(Raw data begins)

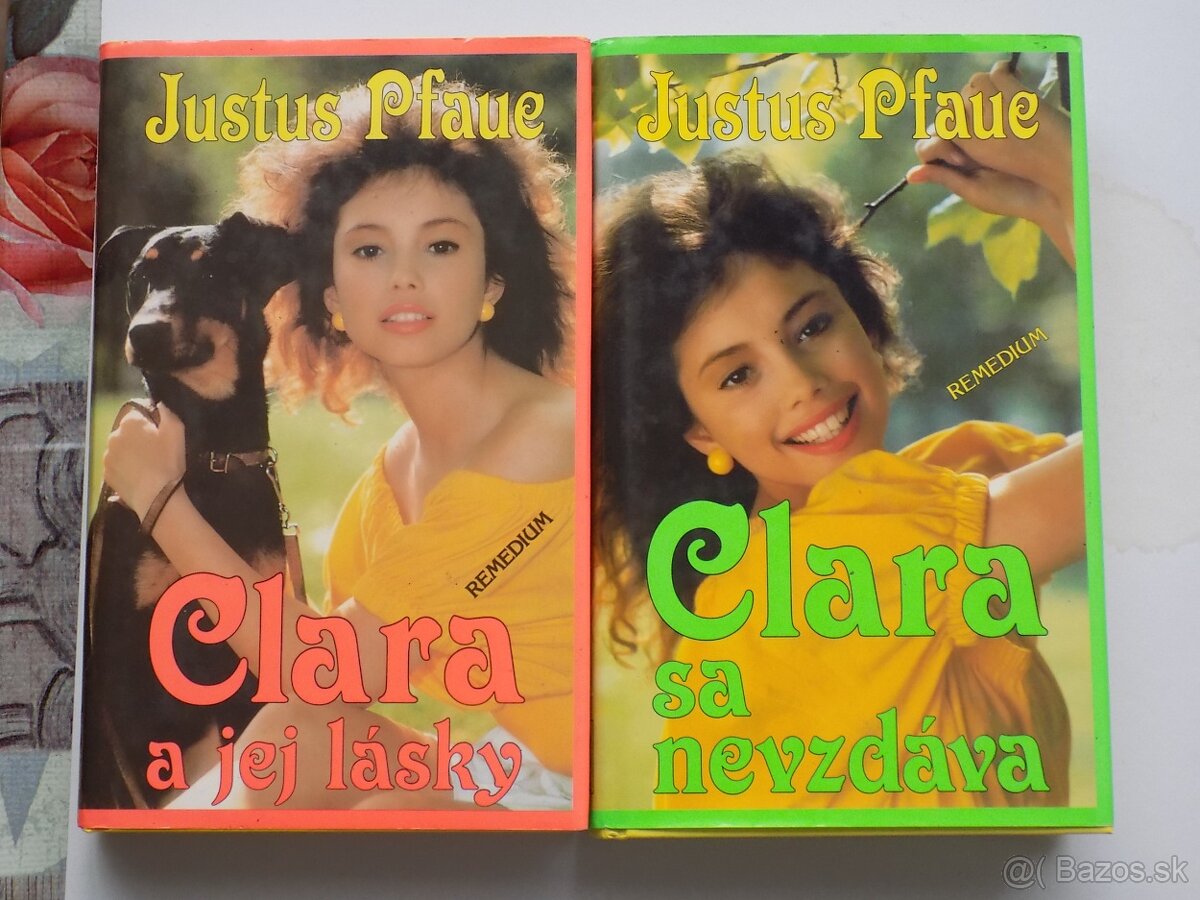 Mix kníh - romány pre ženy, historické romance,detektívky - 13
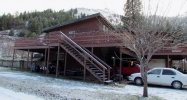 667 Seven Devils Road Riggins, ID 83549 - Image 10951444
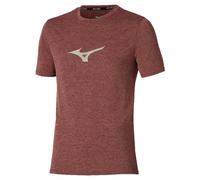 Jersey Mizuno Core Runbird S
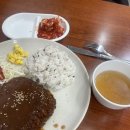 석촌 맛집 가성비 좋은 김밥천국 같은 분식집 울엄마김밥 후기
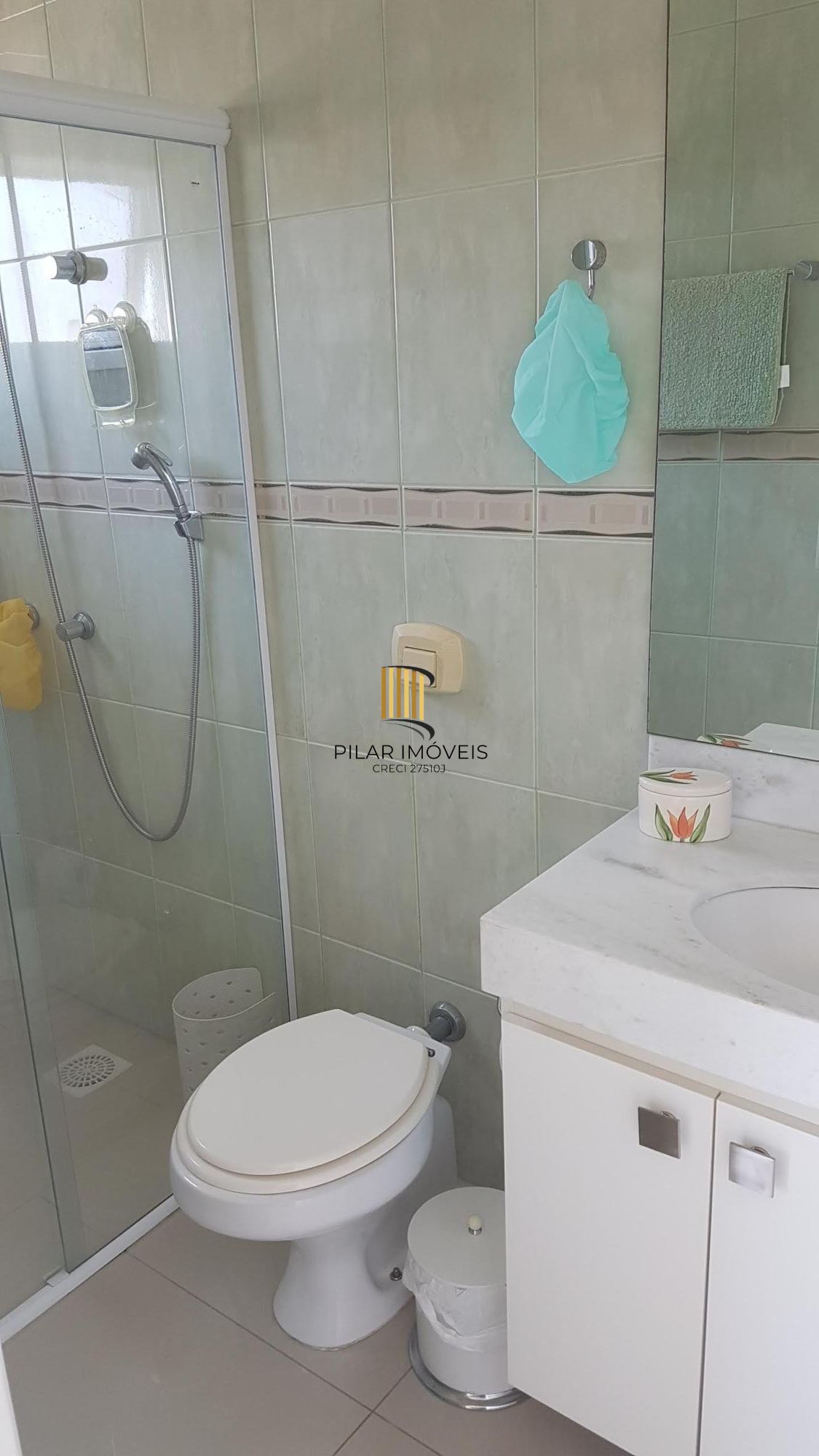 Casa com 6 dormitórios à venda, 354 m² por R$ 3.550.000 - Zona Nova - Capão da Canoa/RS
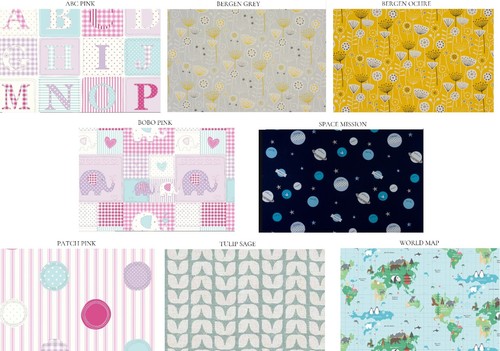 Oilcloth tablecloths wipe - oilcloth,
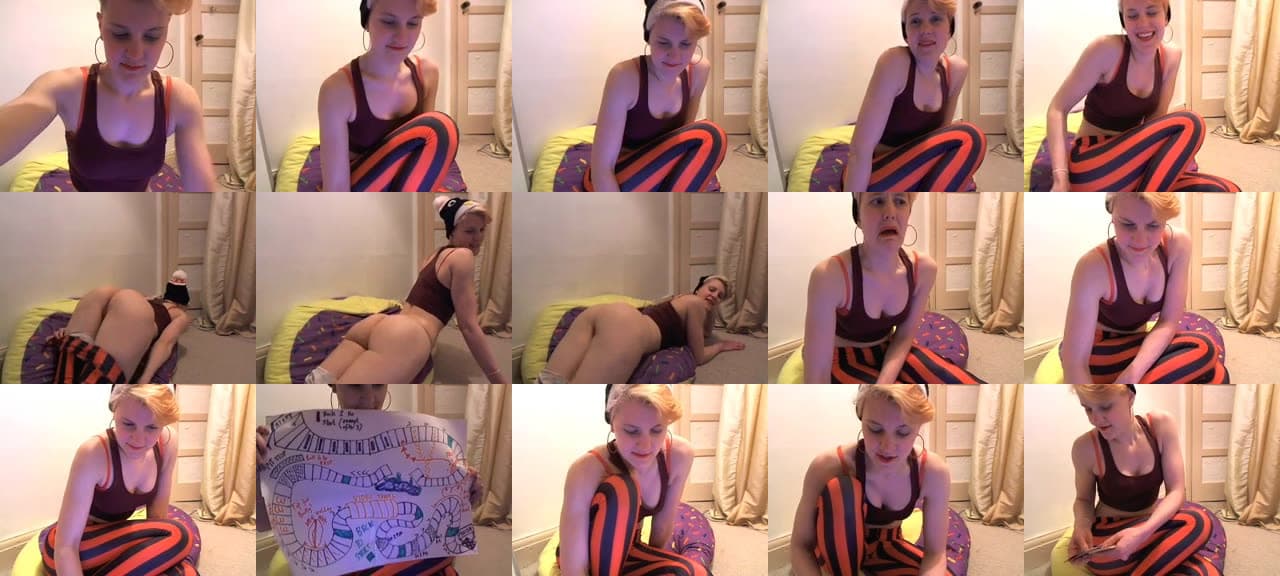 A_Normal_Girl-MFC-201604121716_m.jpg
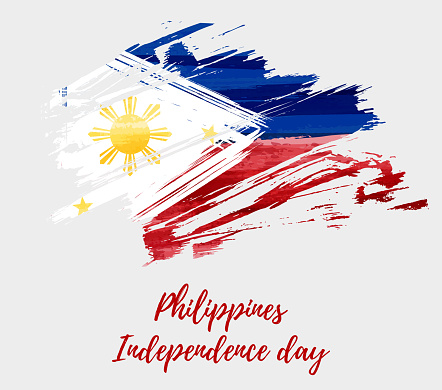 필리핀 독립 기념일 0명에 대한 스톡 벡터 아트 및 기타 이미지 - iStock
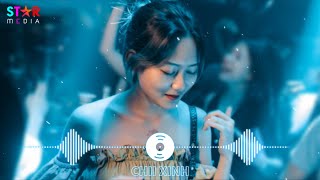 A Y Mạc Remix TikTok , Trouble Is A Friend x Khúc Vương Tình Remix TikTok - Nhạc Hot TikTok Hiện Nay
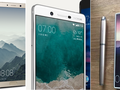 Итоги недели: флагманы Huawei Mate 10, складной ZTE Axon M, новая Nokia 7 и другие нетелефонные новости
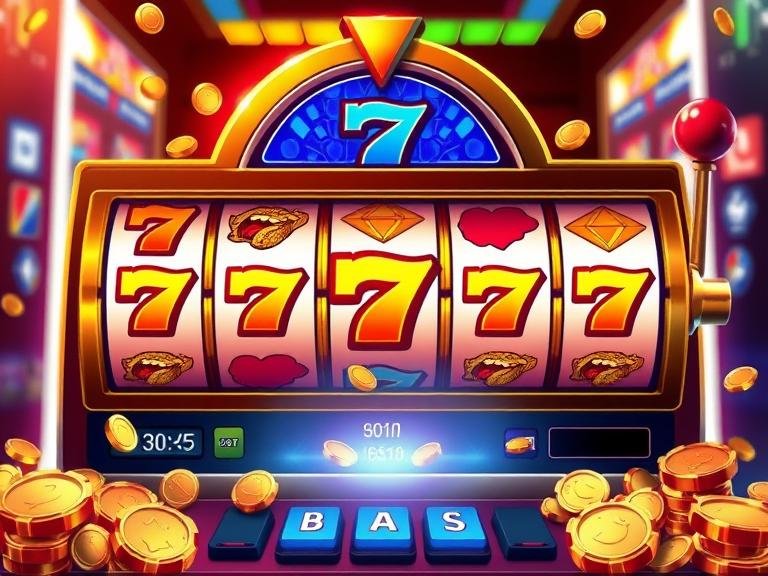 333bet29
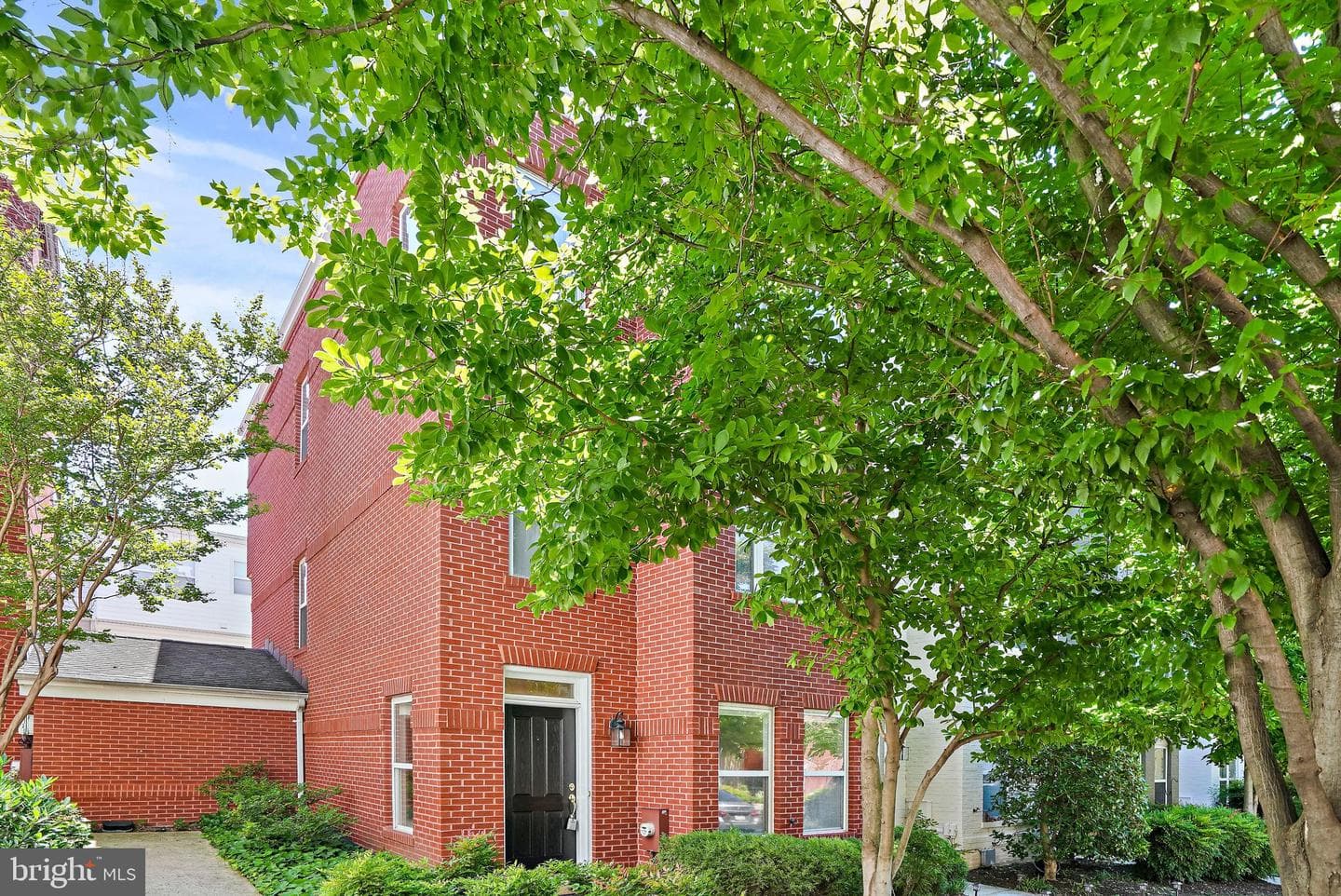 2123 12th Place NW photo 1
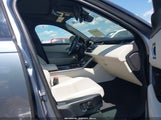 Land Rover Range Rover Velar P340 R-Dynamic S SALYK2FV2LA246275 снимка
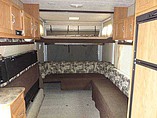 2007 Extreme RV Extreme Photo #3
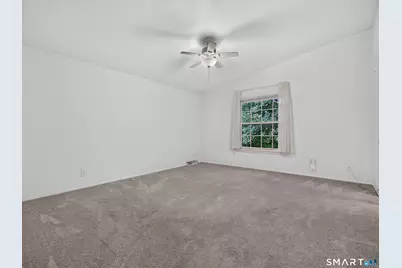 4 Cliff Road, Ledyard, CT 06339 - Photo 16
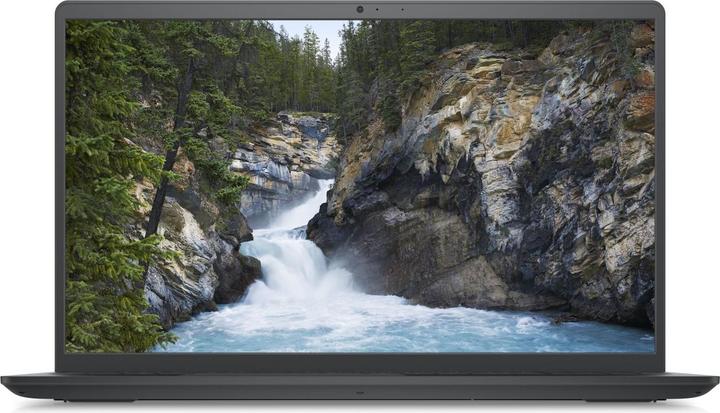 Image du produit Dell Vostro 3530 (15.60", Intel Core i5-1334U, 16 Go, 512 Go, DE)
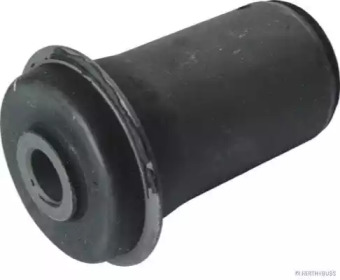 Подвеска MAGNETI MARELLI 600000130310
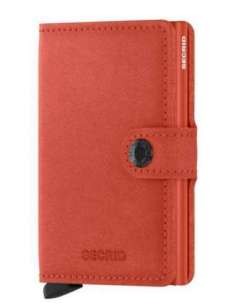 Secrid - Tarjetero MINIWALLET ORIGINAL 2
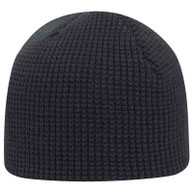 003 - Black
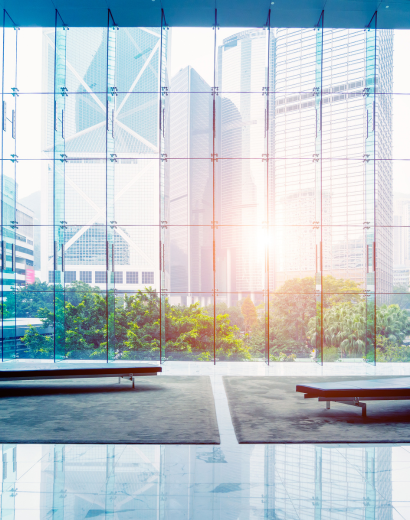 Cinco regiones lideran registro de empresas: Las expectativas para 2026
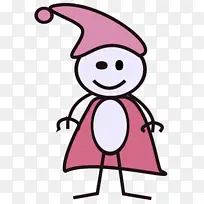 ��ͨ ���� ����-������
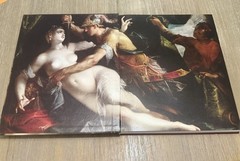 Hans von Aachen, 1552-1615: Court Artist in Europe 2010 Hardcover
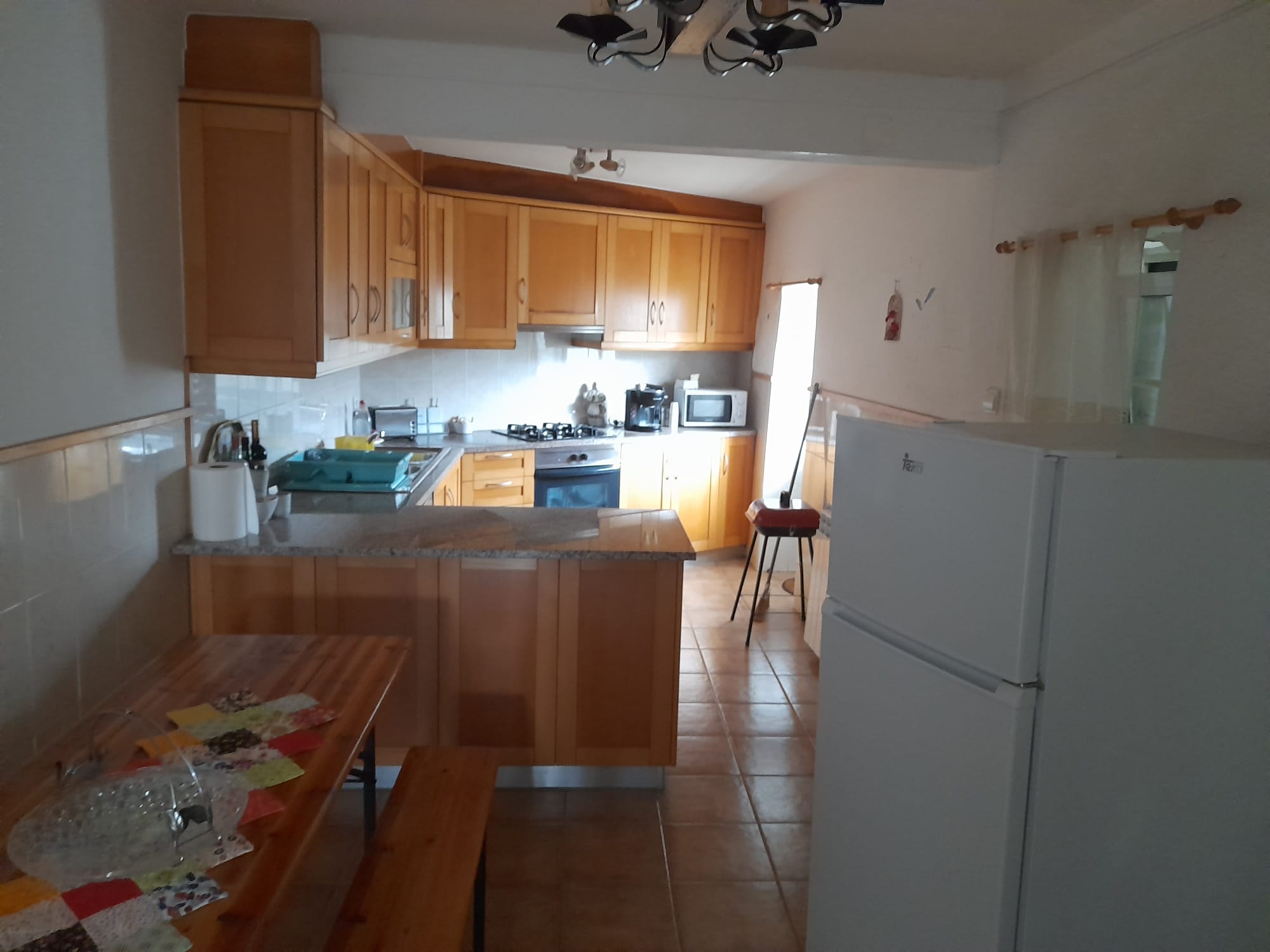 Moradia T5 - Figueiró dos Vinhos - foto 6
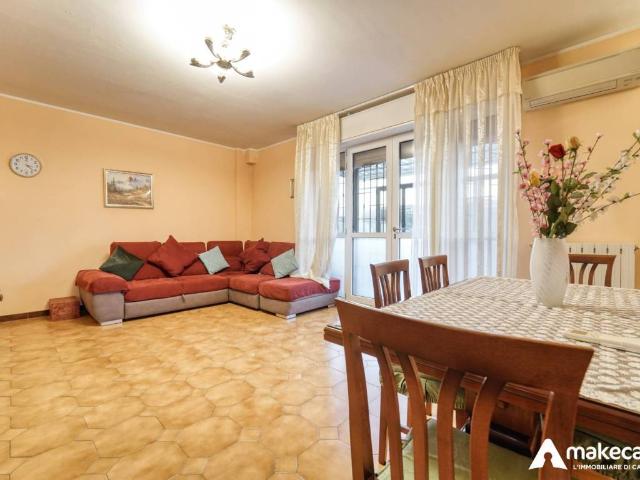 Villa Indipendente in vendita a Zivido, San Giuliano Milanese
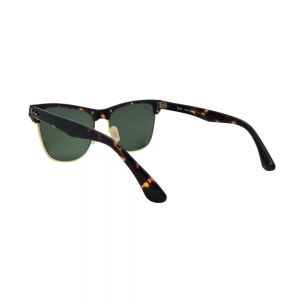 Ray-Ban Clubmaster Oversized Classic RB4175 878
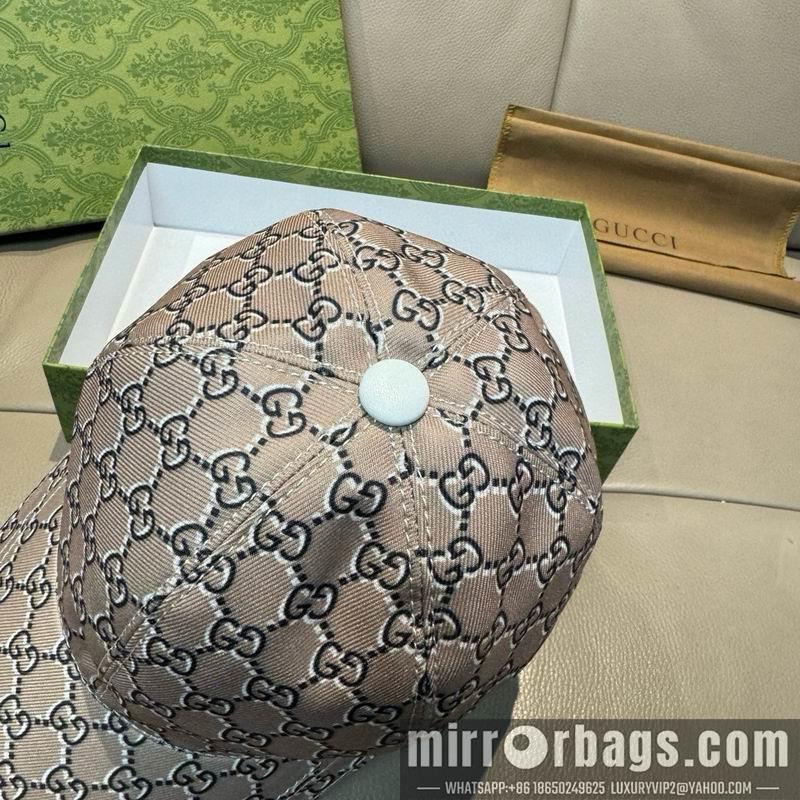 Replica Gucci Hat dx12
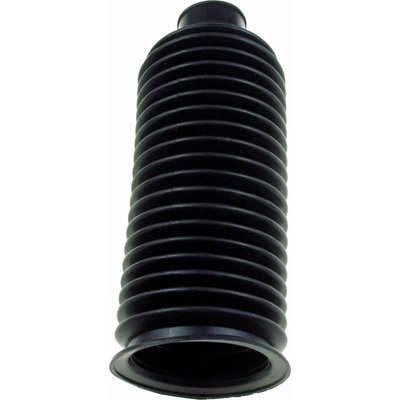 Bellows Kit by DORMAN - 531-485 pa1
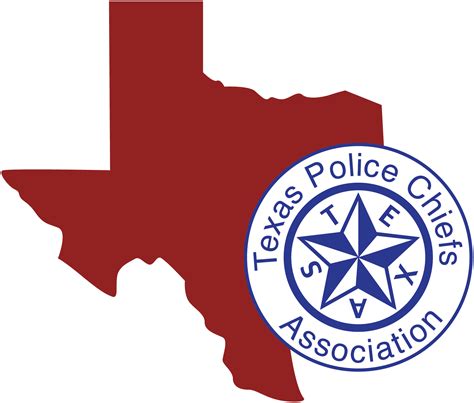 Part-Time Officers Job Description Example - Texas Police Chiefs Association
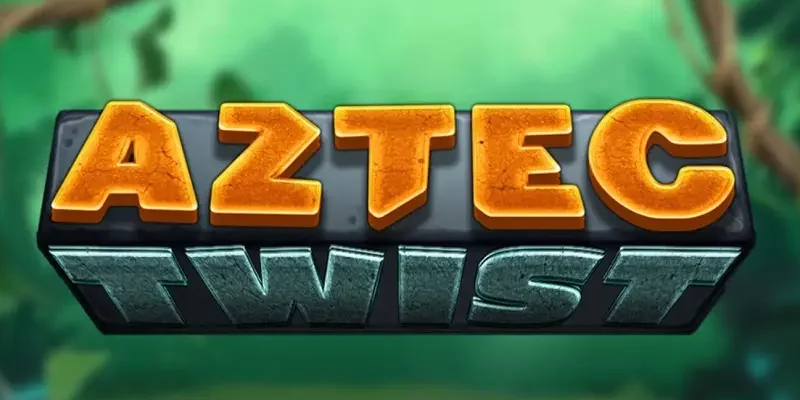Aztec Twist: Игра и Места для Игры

(Raw data ends)

◆ **Task to carry out**:
Output only the lines above from the one containing "A Y Mạc Remix" to the one containing "003 - Black", both included, exactly as written and with no pictures.

◆ **Written solution**:
 A Y Mạc Remix TikTok , Trouble Is A Friend x Khúc Vương Tình Remix TikTok - Nhạc Hot TikTok Hiện Nay
 Итоги недели: флагманы Huawei Mate 10, складной ZTE Axon M, новая Nokia 7 и другие нетелефонные новости
 333bet29
 2123 12th Place NW photo 1
 Land Rover Range Rover Velar P340 R-Dynamic S SALYK2FV2LA246275 снимка
 2007 Extreme RV Extreme Photo #3
 4 Cliff Road, Ledyard, CT 06339 - Photo 16
 Image du produit Dell Vostro 3530 (15.60", Intel Core i5-1334U, 16 Go, 512 Go, DE)
 Подвеска MAGNETI MARELLI 600000130310
 Secrid - Tarjetero MINIWALLET ORIGINAL 2
 003 - Black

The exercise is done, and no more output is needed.